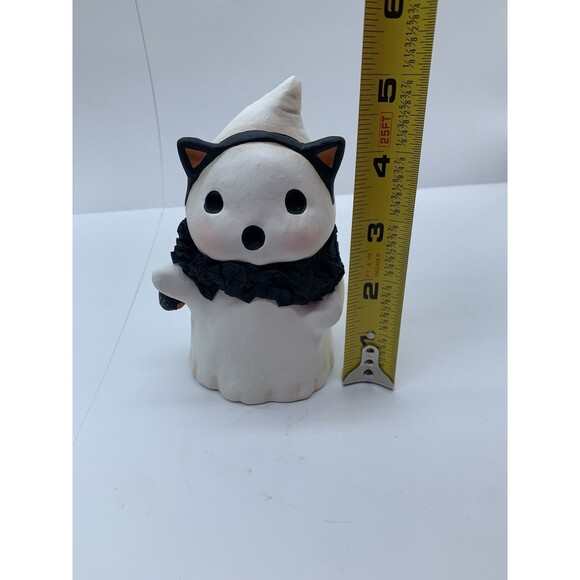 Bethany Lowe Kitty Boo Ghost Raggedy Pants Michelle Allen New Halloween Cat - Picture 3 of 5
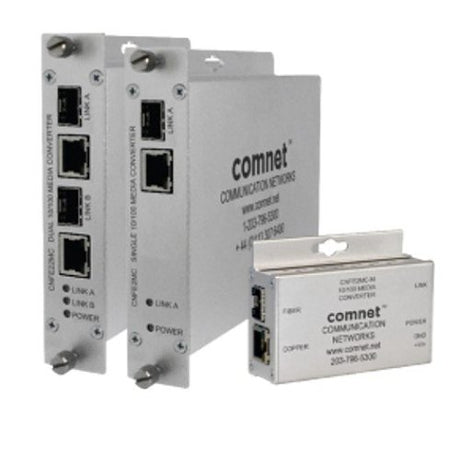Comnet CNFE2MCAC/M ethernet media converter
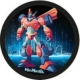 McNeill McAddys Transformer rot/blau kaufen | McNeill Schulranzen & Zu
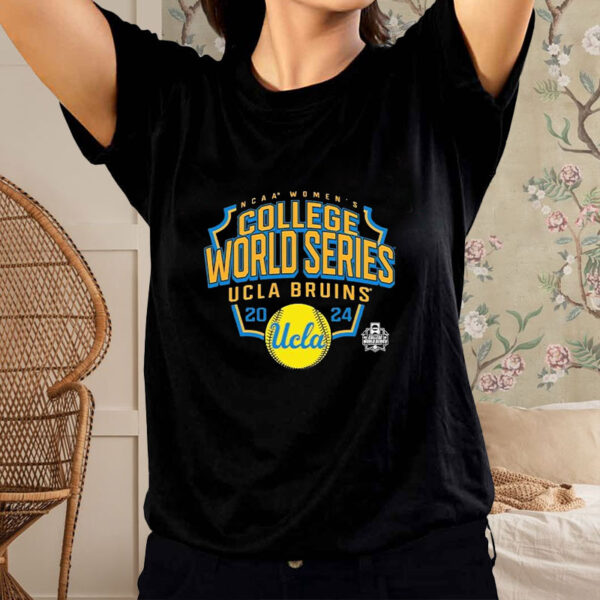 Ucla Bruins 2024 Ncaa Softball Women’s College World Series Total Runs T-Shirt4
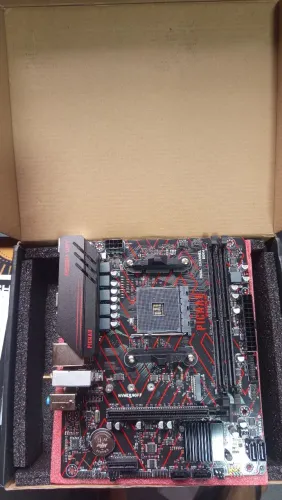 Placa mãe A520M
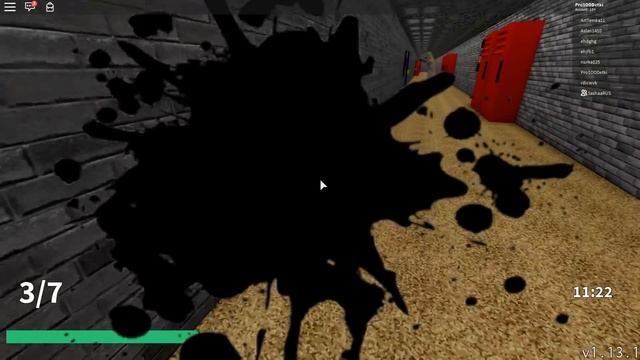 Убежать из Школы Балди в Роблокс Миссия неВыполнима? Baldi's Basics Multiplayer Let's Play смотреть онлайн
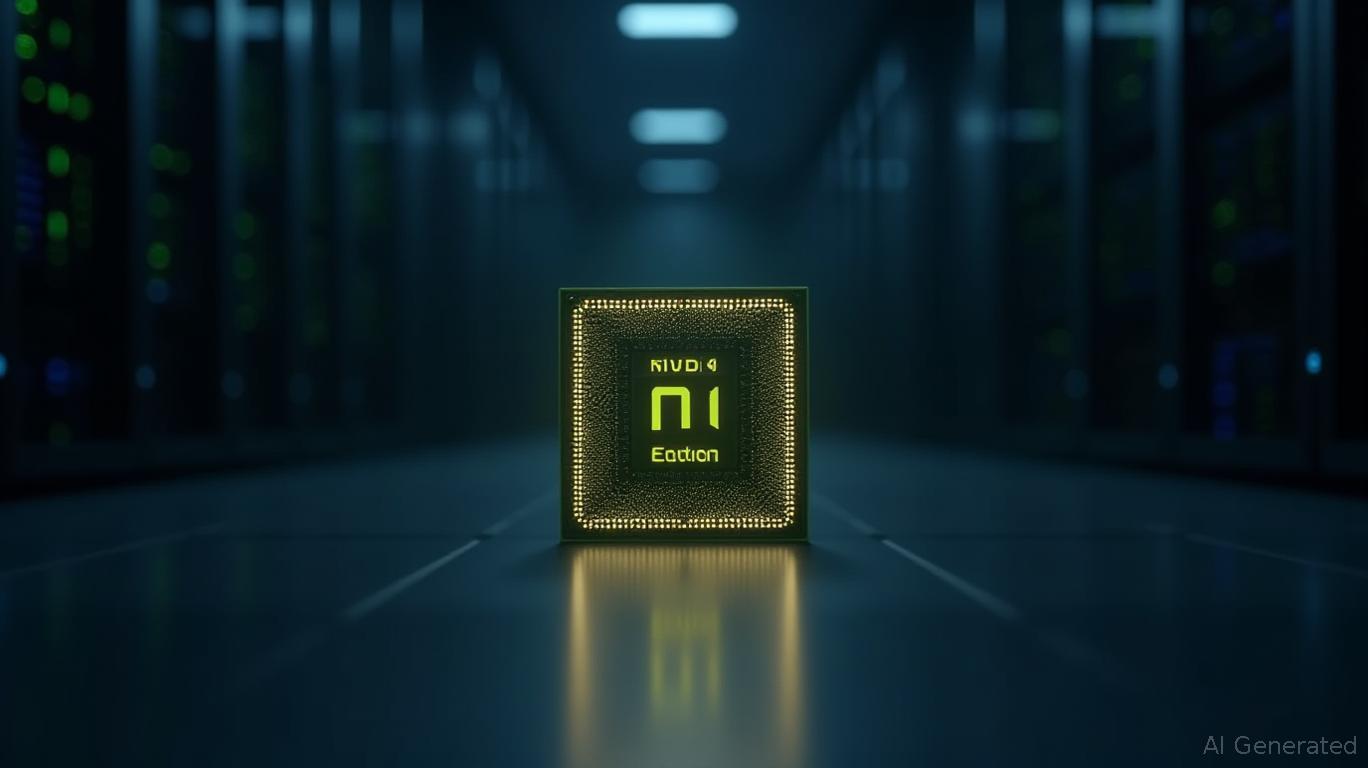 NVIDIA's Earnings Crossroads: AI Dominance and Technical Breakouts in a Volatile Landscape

--

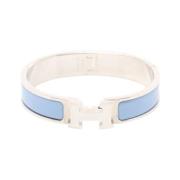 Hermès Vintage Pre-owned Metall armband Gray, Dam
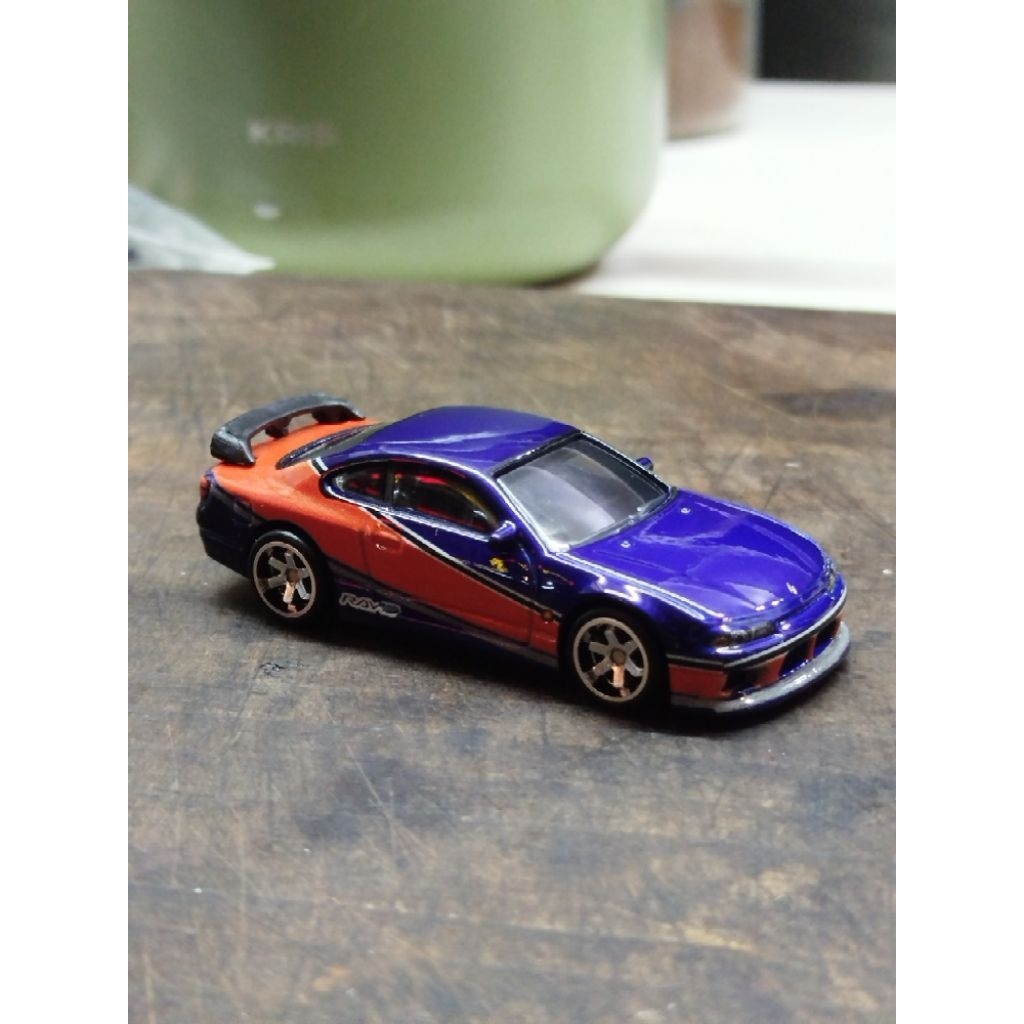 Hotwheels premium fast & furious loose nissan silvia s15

**DESCRIPTION OF THE TASK**
In the data above, take the line with "Bethany Lowe Kitty", the line with "NVIDIA's Earnings Crossroads: AI", and every line between, and set them down exactly without pictures.

**ANSWER BOX**
 Bethany Lowe Kitty Boo Ghost Raggedy Pants Michelle Allen New Halloween Cat - Picture 3 of 5
Comnet CNFE2MCAC/M ethernet media converter
 McNeill McAddys Transformer rot/blau kaufen | McNeill Schulranzen & Zu
 Ucla Bruins 2024 Ncaa Softball Women’s College World Series Total Runs T-Shirt4
 Placa mãe A520M
 Убежать из Школы Балди в Роблокс Миссия неВыполнима? Baldi's Basics Multiplayer Let's Play смотреть онлайн
 NVIDIA's Earnings Crossroads: AI Dominance and Technical Breakouts in a Volatile Landscape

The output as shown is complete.